More idiots. Only one other van was left when I got up and they’d locked the toilet block from the inside. Not the individual cubicle but the whole block. I tried the door and got a mumble from within. Ten minutes later, I did everything short of smashing the door down. Communal space! Warmth! Water! Toilets! Not your personal whatever-you-think-you’re-doing-in-there-for-so-long! I was so angry I drove off to Snaefellsnes without basic morning jobs like washing up my plate & knife, brushing my teeth or even getting properly dressed.
It was less rainy than it had been and eventually the sun came out. I did the usual itinerary – Bjarnarfoss, Radfelgja, Arnarstapi, Hellnar, Djupalonssandur, then I climbed Saxholl, a crater I promised two or three years ago to come back to. 486 red iron steps up to the top (or possibly 388 – I counted both going up and coming down and was out by a whole hundred between the two numbers) or a perfect crunchy red pumice volcano.
Give or take photo stops, it was straight down to Akranes. I caught the red sunset reflecting on the mountains behind Borgarnes and I finally got Snaefellsjokull silhouetted against an orange sunset by the time I was on the road into Akranes, after it had been sitting under a cloud for the whole day as I drove round it.

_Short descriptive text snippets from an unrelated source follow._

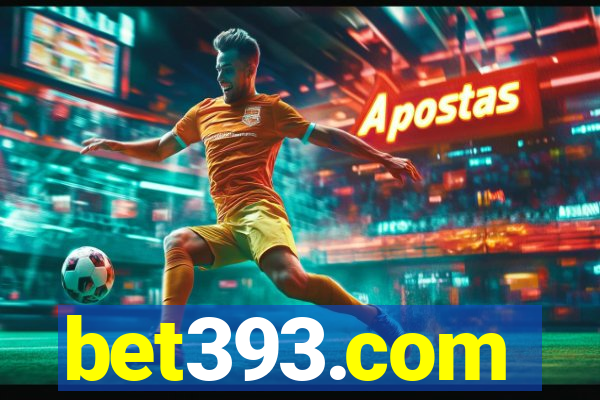 bet393.com
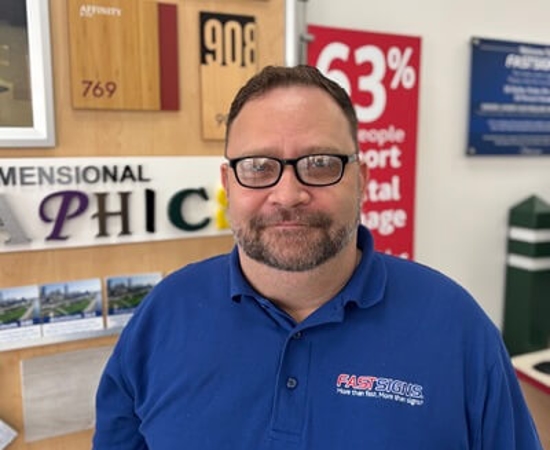 Headshot of Willie Williams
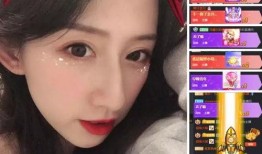 斗鱼莎莉爆料视频大全,揭秘网络红人背后的故事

The campsite at Akranes is right opposite Snaefellsnes – well, it’s on the other side of the bay. I parked up, paid, spied a sign with the wifi password so I got out the Kindle to try out the Experimental Browser, after several days with no phone. As I stood outside the office, I glanced up while waiting for it to connect and spotted a pale green streak right across the sky above my head. Northern Lights! Within five minutes they’d turned to huge swooshes of white and green and pink, so close, so rippling, so amazing, more vivid than anything I’ve ever seen before. I caught them on camera, although for once they looked better in real life (which is the opposite of what usually happens). I’ve never seen the Northern Lights without a foot of snow, temperatures in the many minuses and I’ve never ever seen them while wearing sandals. However, it wasn’t too warm and when the Lights had faded away, I returned to my campervan, to my Kindle and internet, and book and went to sleep.